Les évolutions attendues concernent surtout la généralisation de l'ouverture par défaut, la montée en qualité des données, l'introduction d'un dialogue direct entre réutilisateurs et producteurs des données et, enfin, la mise en cohérence des données disponibles au niveau national. L'amélioration de l'offre des données contribuerait à une plus grande cohérence, grâce à un effort d'harmonisation dans chaque grand domaine - transports, social, budget. Pour pouvoir comparer deux budgets dans deux territoires différents, leur présentation doit être identique. Il faut également que la donnée fournisse un référentiel commun partageable. Enfin, une meilleure articulation entre la loi Cada, la loi Cnil et le principe d'open data serait souhaitable.

La première lacune dans le domaine de l'ouverture concerne les données clefs, autrement appelées données pivot, qui jouent un rôle fondamental pour l'infrastructure informationnelle du pays - données du cadastre, du registre des entreprises, de la base des codes postaux. Elles sont au coeur de multiples services et de réutilisations possibles. Certains pays comme les Pays-Bas ou le Danemark, avec le programme Basic data, se sont fortement engagés, en ouvrant les données de ces registres. En France, la publication de ces registres clefs est rendue difficile par le statut des opérateurs qui les gèrent et le défi économique que représente la gratuité de leur mise à disposition. Une deuxième lacune tient au décalage entre les réalités de l'action publique et l'offre de données correspondante. Si l'on examine les trois grands postes de dépenses d'un acteur public local - routes, politique sociale, formation, par exemple - au vu des données disponibles, on observe un manque de cohérence entre les données ouvertes et les domaines d'intervention les plus importants. Une difficulté majeure résulte sans doute de la mauvaise articulation des corpus juridiques de la Cada et de la Cnil. Les réutilisateurs manquent de réponses à leurs questions pratiques. Les problématiques d'anonymisation se règlent dans le service producteur qui appauvrit les données dans une tendance à la surprotection par défaut.
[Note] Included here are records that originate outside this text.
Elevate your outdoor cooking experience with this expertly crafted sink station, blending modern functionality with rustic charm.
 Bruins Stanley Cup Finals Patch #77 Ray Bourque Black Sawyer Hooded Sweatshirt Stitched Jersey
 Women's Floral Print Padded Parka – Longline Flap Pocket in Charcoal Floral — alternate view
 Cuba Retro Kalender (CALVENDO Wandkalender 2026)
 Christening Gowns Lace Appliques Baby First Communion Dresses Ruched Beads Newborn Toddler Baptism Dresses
Sur 100 décideurs publics, 10 se prononceront pour l'ouverture des données publiques, 10 seront farouchement contre, et 80 n'auront pas d'avis motivé. Cela, malgré nos efforts depuis quatre ans. La stratégie de réponse réside sans doute dans la riposte graduée. Un effort certain de pédagogie reste à faire pour expliquer le sens du mouvement d'ouverture des données publiques, au coeur d'un outil de travail, de la pédagogie pour ceux qui veulent bien entendre, de l'accompagnement pour ceux qui veulent bien faire, de l'obligation pour ceux qui ne souhaitent pas faire et, pourquoi pas, un pouvoir de sanction pour ceux qui délibérément ne souhaitent pas participer.

Deux chantiers s'ouvrent pour l'avenir. La modernisation de l'action publique n'entrait pas initialement dans le champ de l'ouverture des données publiques. Cette dimension prend du poids au niveau international. Pour ce faire, chacun des acteurs publics doit avoir compris que l'ouverture des données publiques constitue un outil de travail pour lui. La mise en place d'une vraie gouvernance de la donnée publique est également indispensable. Au même titre que le document, la donnée est un actif qui se gère, se gouverne et se valorise de multiples manières.